Hello lovely ladies!
Welcome to day one of loveliness. We really have something special planned for you! This campaign is designed to help women become aware of what’s lovely in their life and encourage you to love your life, just the way it is. Why? Because we LOVE YOU! Because you’re amazing and because you need to KNOW IT.
In a time where there’s a lot of discontentment and wishing (ahem, Valentine’s Day), we want you to know that you don’t have a significant other to appreciate love in your life. And no, we aren’t just saying it, we’re living it for this whole week. And day one, as we discussed on Friday, is about loving YOU, all of YOU.
And who else do we have to help us think through why you can (and should) love yourself other than Susie, the lovely, thought-provoking, genuine, and very honest author of the blog, Suzlyfe. I’m honored that she graciously accepted to kick us off, you’re in for a treat!
Hi! My name is Susie, and I command the corner of the internet known as Suzlyfe, a blog where “I run, I write, I opine, I cook, I eat, and I show Crohn’s Disease who is boss.” I also drag my dear doctor husband (and crazy cat) along for the ride. I am a huge fan of Jenni’s–I think that she is a brilliant resource for health and fitness for all. Most importantly, she is just as gorgeous inside as she outside, and that is why I jumped at the chance to help her with this fabulous #whatslovely campaign.

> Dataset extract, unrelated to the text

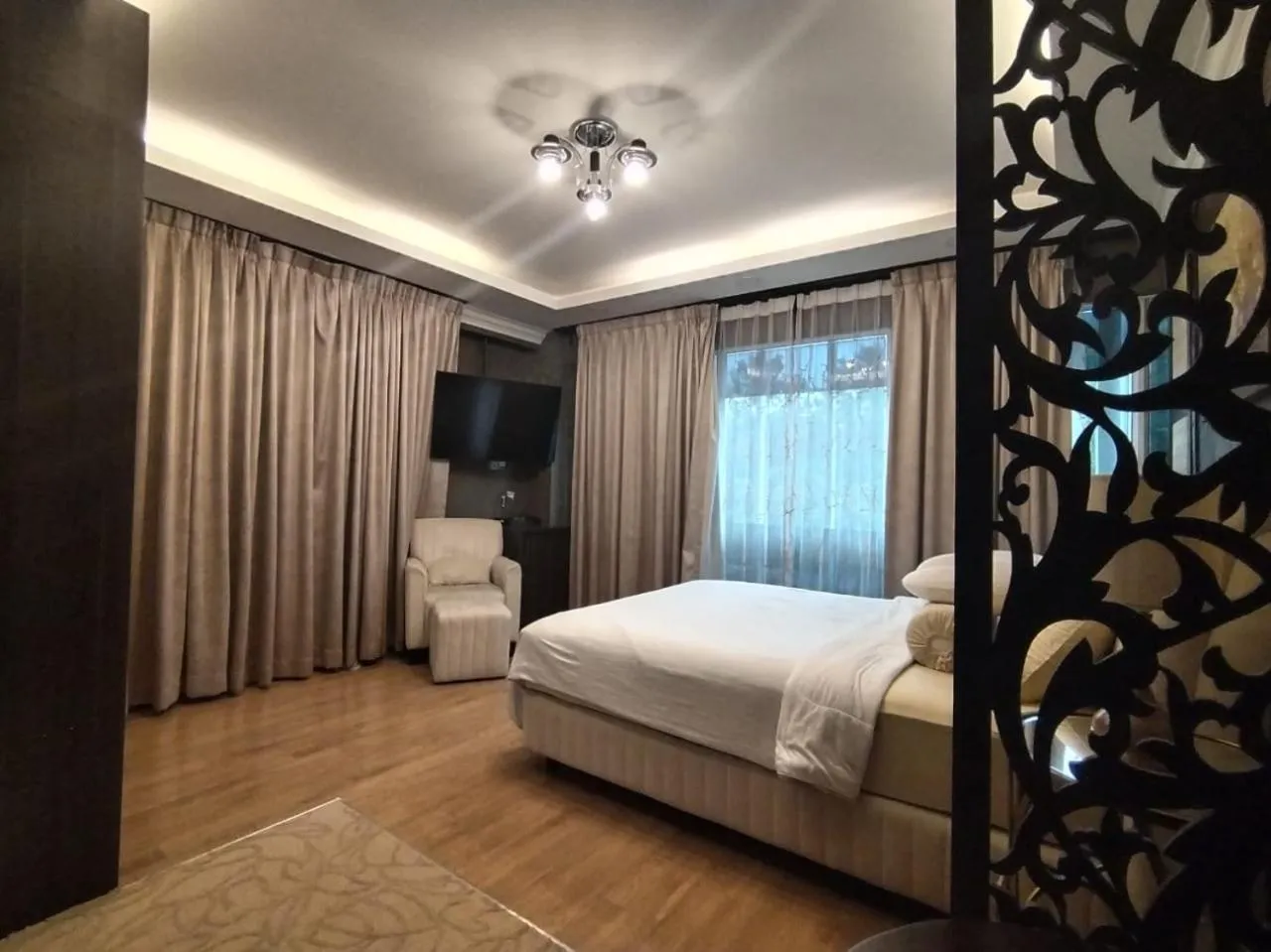 Bed in Grand Illusyin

I think that one of the common misconceptions that people, especially women, might have is that others enjoy relatively simple relationships with their bodies, with food, with exercise and fitness. But here is a little secret, and something that I think is imperative to understand: every relationship that involves at least one human (mind, body, or spirit) is inherently complicated.
So your relationship with your body? It’s Complicated. Your relationship with food? Complicated. Your food’s relationship with your body? Likely Complicated.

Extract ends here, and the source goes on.